Task inputs ▸

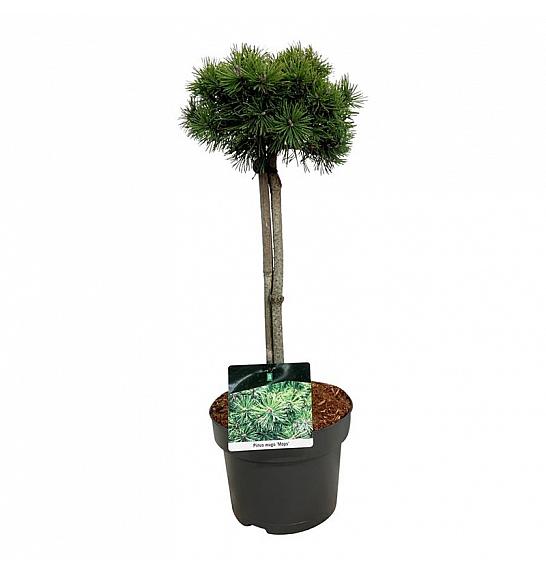 Pinus mugo Mops C5 Lit. Na steblu 40 cm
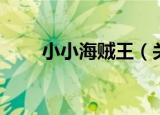 小小海贼王（关于小小海贼王介绍）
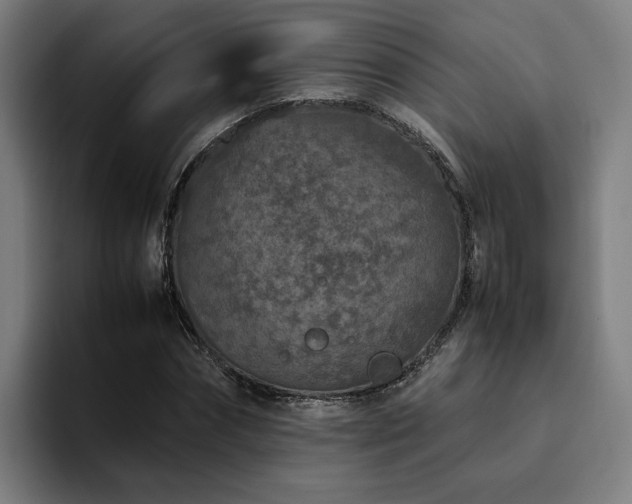 X0000094820874200711161526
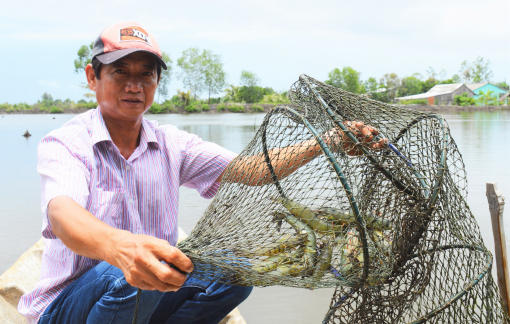 Cà Mau đầu tư hàng trăm tỉ đồng để phát triển thủy sản bền vững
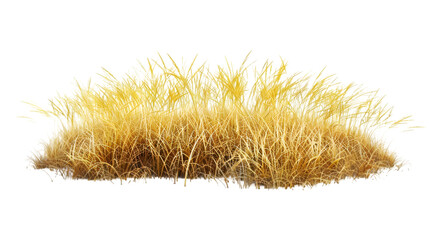 Fototapete - yellow grass png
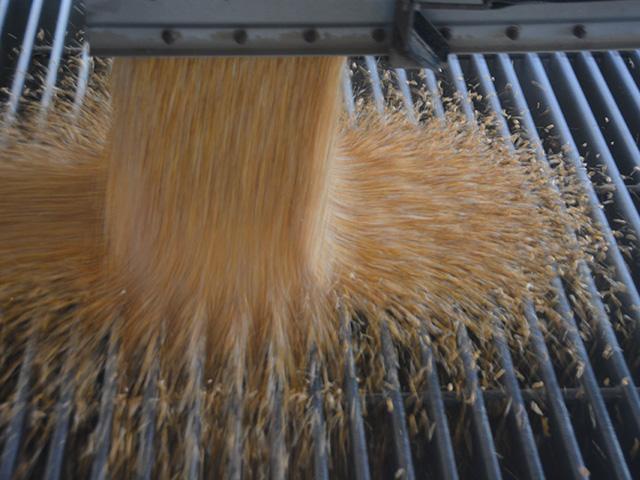 Corn spills through the grates at a Nebraska grain elevator. Corn saw a lot of activity with record reported export sales to China in July. Overall U.S. agricultural export numbers, though, are not as strong as expected. The U.S. has seen ag-trade deficits in recent months. (DTN file photo by Chris Clayton)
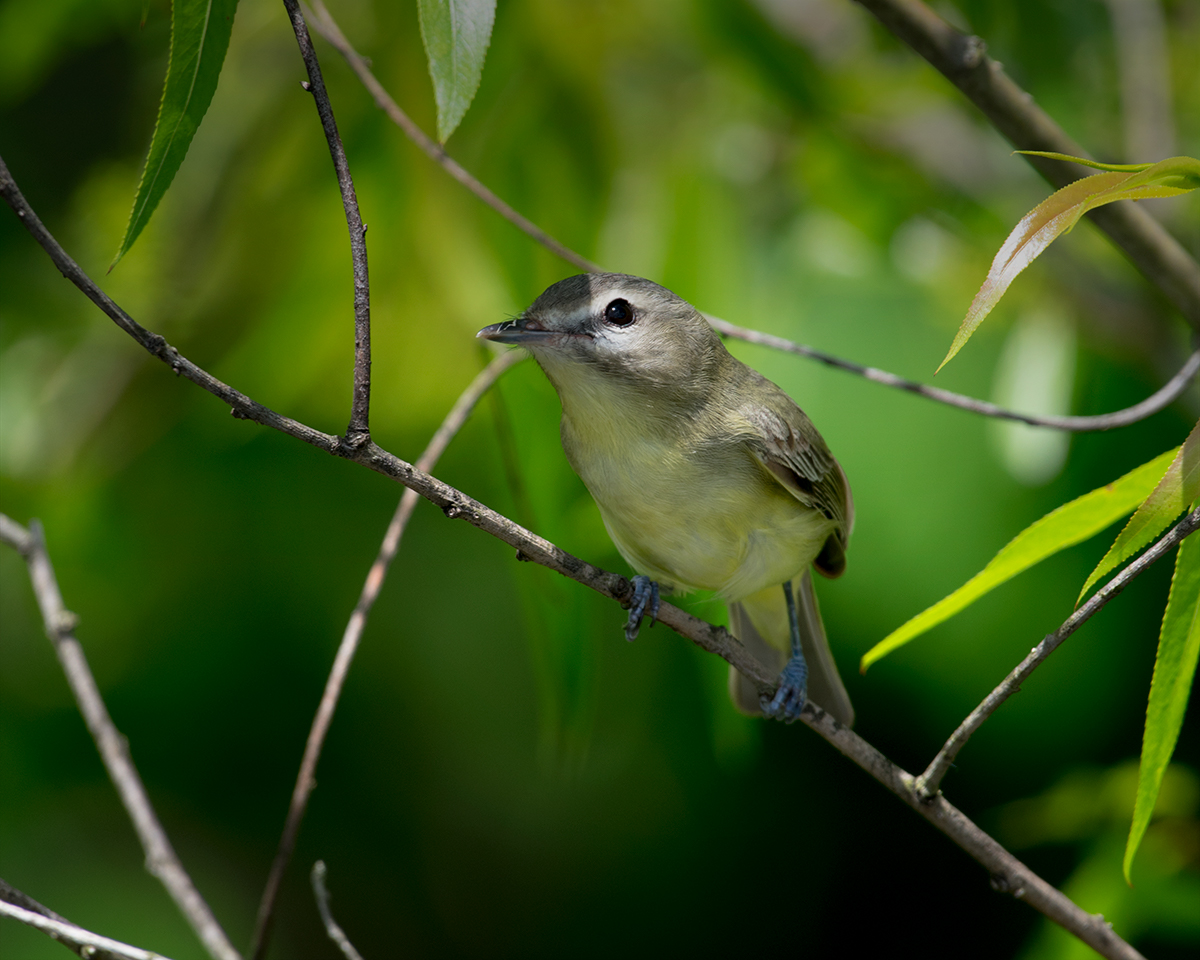 Warbling Vireo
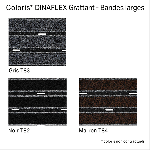 DINAFLEX GRATTANT BANDES LARGES rouleau 20m - laize 1m - Noir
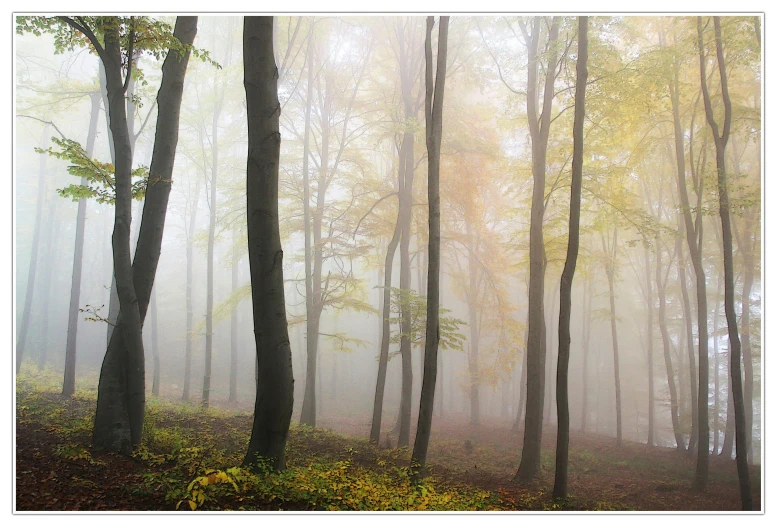 a group of trees standing in the forest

Task requirements ▸
Your copy should hold exactly the lines from the one that contains "Warbling Vireo" through the final line of the data, both ends included, and no pictures.

Task response ▸
 Warbling Vireo
 DINAFLEX GRATTANT BANDES LARGES rouleau 20m - laize 1m - Noir
 a group of trees standing in the forest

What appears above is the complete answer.